- [EXCERPTED RECORDS]
= Beginning of Section =
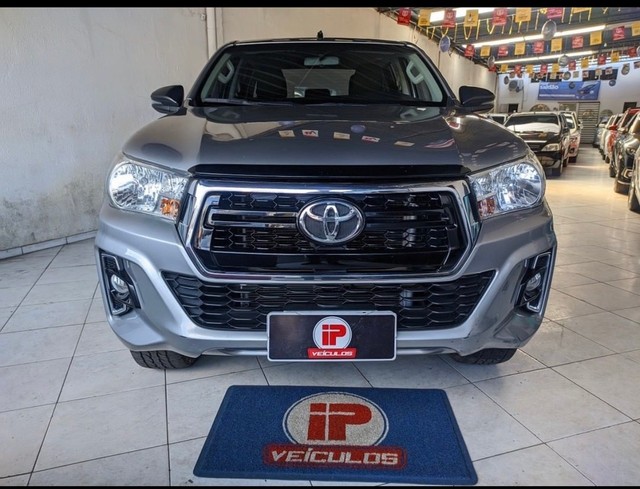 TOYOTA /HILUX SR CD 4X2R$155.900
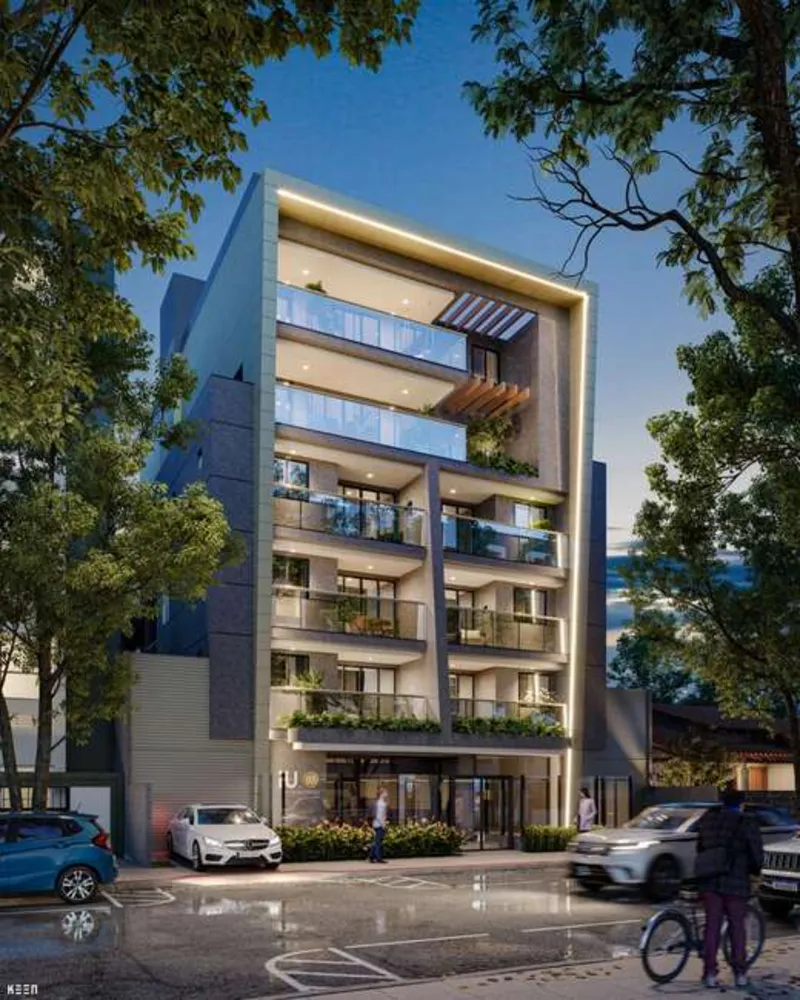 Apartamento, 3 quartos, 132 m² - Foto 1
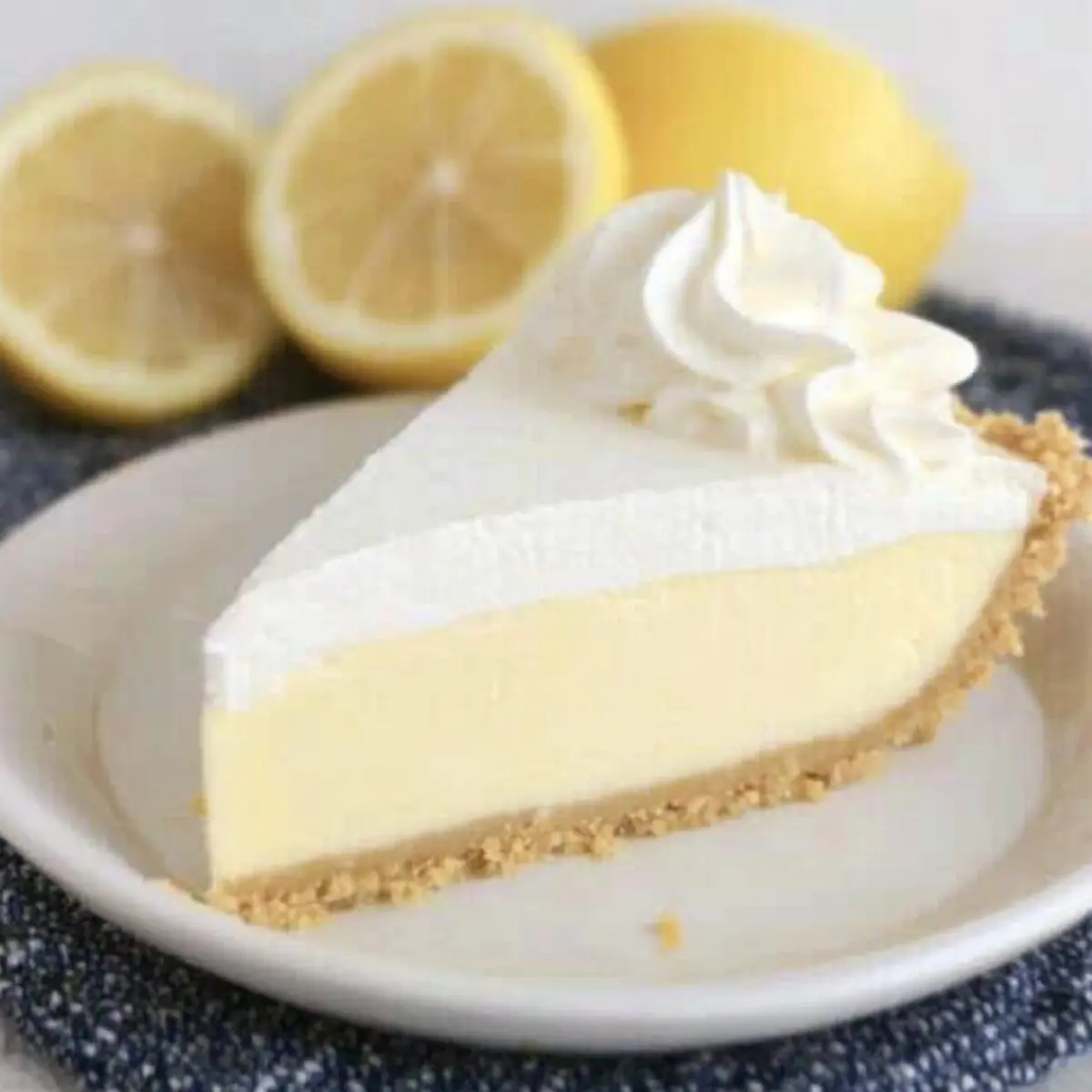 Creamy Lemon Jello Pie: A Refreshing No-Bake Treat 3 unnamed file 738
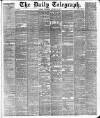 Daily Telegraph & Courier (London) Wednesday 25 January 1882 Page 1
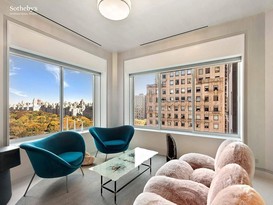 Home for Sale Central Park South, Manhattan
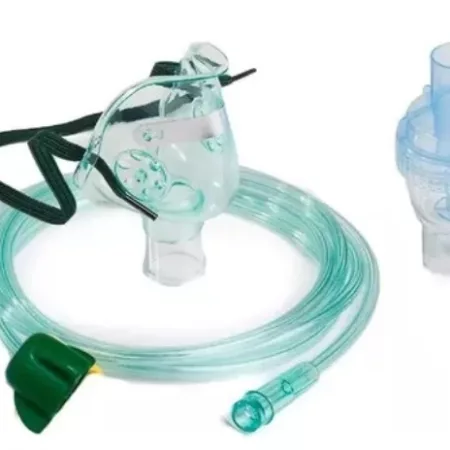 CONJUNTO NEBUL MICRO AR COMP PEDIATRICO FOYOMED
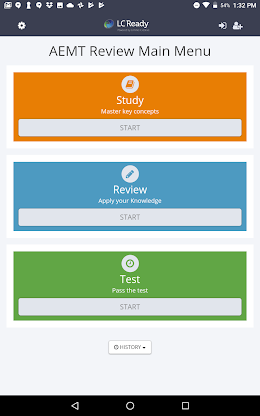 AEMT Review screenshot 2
= End of Section =
= Beginning of Section =
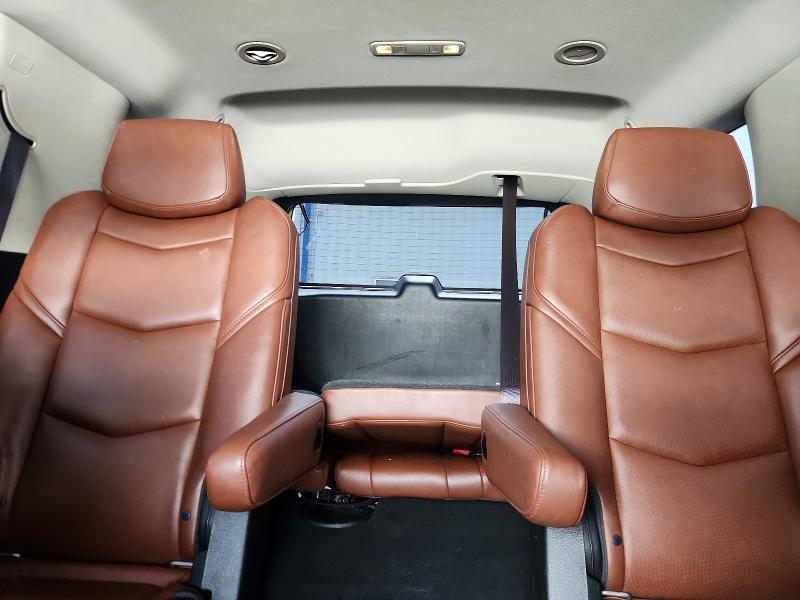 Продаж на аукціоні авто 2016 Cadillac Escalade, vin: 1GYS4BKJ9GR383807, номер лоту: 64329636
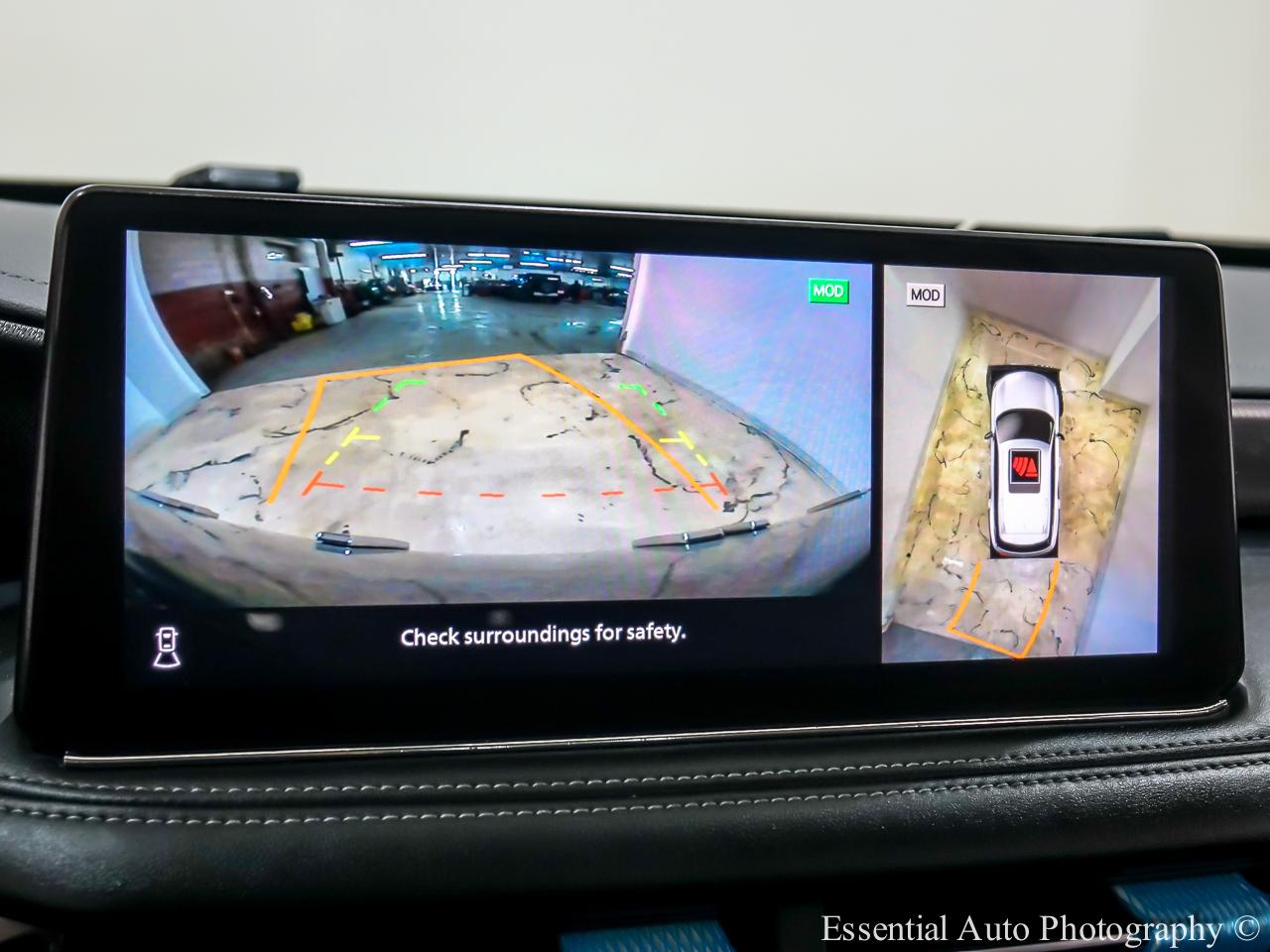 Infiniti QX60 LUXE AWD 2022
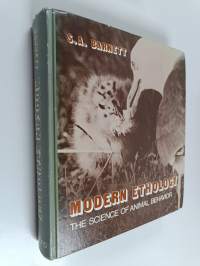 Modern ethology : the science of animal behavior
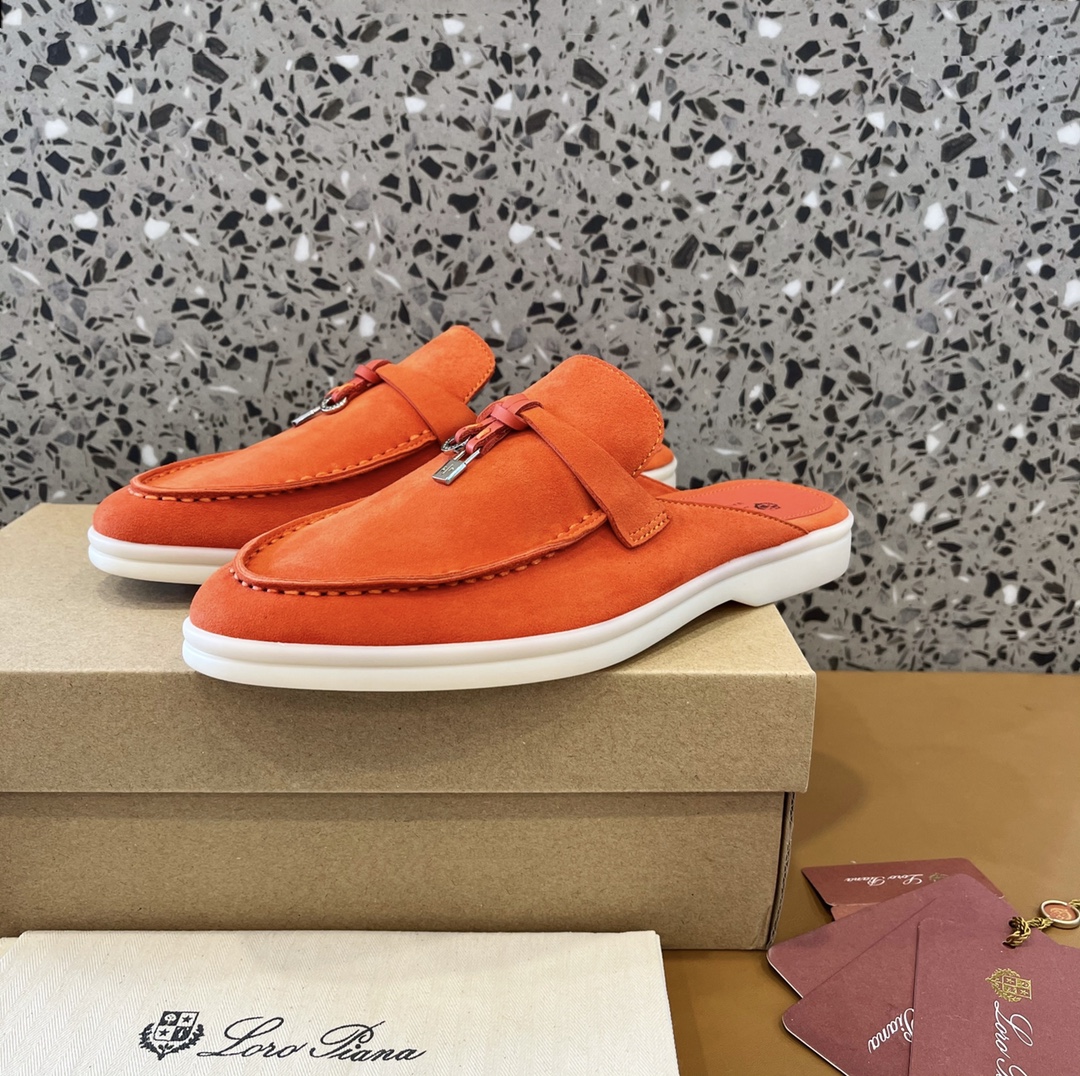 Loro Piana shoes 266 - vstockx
= End of Section =
- [EXERCISE DIRECTIONS]
Within the listing above, the lines from the one with "Продаж на аукціоні" through the one with "Loro Piana shoes 266 - vstockx" are to be given again word for word. Do not include pictures.

- [REPLY]
 Продаж на аукціоні авто 2016 Cadillac Escalade, vin: 1GYS4BKJ9GR383807, номер лоту: 64329636
 Infiniti QX60 LUXE AWD 2022
 Modern ethology : the science of animal behavior
 Loro Piana shoes 266 - vstockx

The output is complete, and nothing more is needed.